Leadless pacemakers (LP) should be viewed as an alternative to conventional transvenous systems to address typical limitations including venous route issues, lead-related complications, and infections [1, 2]. Additionally, they may be considered in complex patients [3]. Published data regarding LP implantation in adults with congenital heart disease (ACHD) are scarce [4, 5]. ACHD patients with complex cardiovascular anatomy are at high risk of conduction disturbances including complete heart block. This report describes a successful LP (Micra TM VR, Medtronic Inc., Dublin, Ireland) implantation in an ACHD patient with a univentricular heart.

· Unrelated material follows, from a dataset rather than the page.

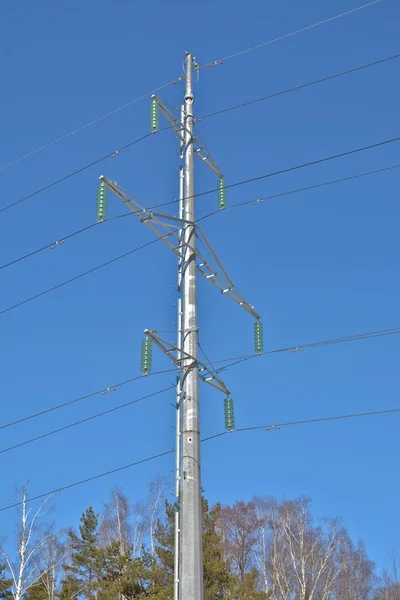 Linhas de energia de torre . — Fotografia de Stock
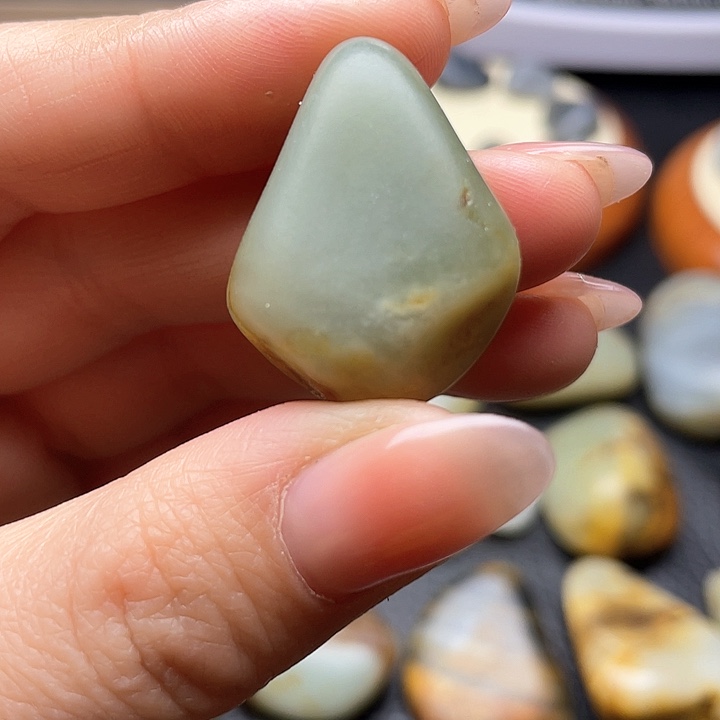 和田玉颈饰未镶嵌3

A 42-year-old male with a single, double-inlet, significantly enlarged left ventricle (LV), with good global contractility, hypoplastic right ventricle (RV), ventricular septal defect, subvalvular pulmonary stenosis, aneurysmal dilated main pulmonary artery, and L-transposition of the great arteries (Figure 1A–C, Supplementary material, Video S1), and permanent atrial fibrillation was admitted for symptomatic complete heart block. Several concerns were recorded regarding the higher risk of transvenous or epicardial system implantation, mainly including infective issues, potential lead-related thrombus formation and its embolization into the systemic circulation, and last but not least, lead-related mechanical complications (fracture, dislodgement), and the need for many re-do interventions. Using a multiple imaging modalities evaluation and following a careful discussion between the Heart Team and the patient, a decision was made to implant an LP into the LV.

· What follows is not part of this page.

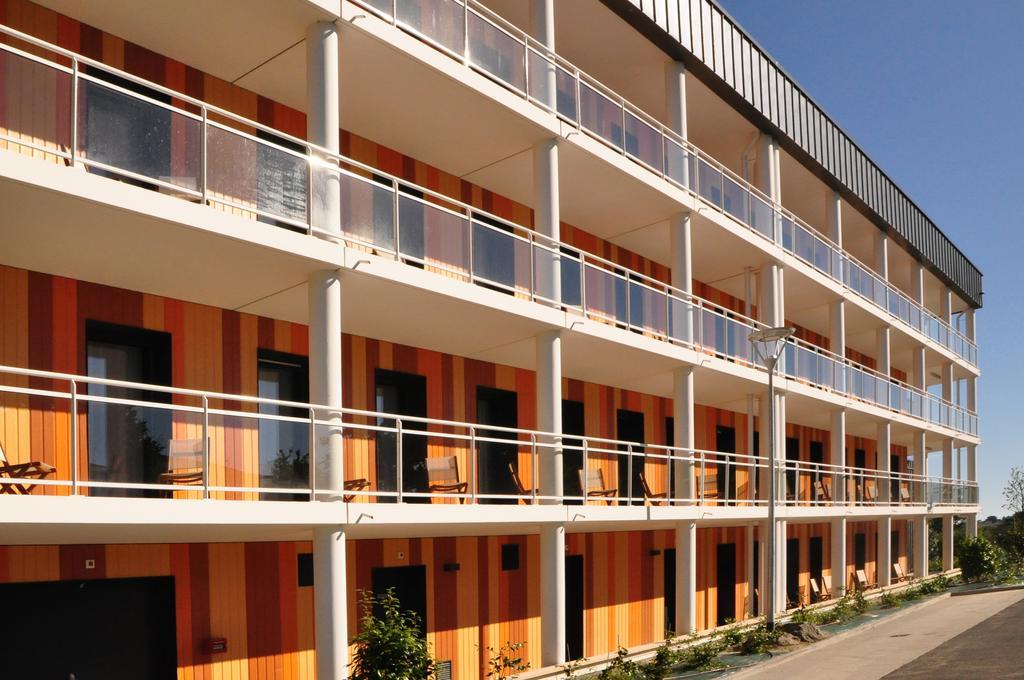 Golden Tulip Pornic Suites- Appart Hotel Kültér fotó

The LP procedure was carried out under general anesthesia, based on fluoroscopy and transesophageal echocardiogram navigation. A 12 F vascular sheath was introduced after the left femoral vein puncture and upsized through the 18 F to a 27 F Micra delivery system. The system with a Micra LP was directed from the right atrium to the LV with an attempt to place it in the LV apex (Figure 1D, Supplementary material, Video S2). Most probably, due to unfavorable angulation between the enormous right atrium and very large LV, effective LP implantation was technically demanding and the device, after initial release, was dislocated several times (with no possibility to push the LP against the LV wall), or unacceptable electrical parameters were noted (pacing threshold above 3 V/0.4 ms). As a result, the entire LP system was removed, and the patient was checked and prepared once again. Additionally, the delivery sheath was manually reshaped to obtain larger curvature (Supplementary material, Video S3). Consequently, the LP system was successfully placed near the LV apex (Supplementary material, Video S4). Multiple stability “tug” tests and electrical parameters (R wave of 11.4 mV, threshold of 0.5 V@0.4 ms, and impedance of 640 ohms) were evaluated before ultimate LP system deployment (Supplementary material, Video S5, S6). The device was released and its position rechecked for the stability, and electrical parameters on the day following the implantation were measured (Figure 1E–F). The patient was discharged two days later in good clinical condition.
We have shown that LP implantation, though challenging, is safe and feasible in a patient with a univentricular heart. It may be presumed that the number of ACHD patients with a high incidence of severe atrioventricular conduction disturbances secondary to disease progression and multiple interventions will grow. LP implantation seems to be a very attractive clinical option in this population.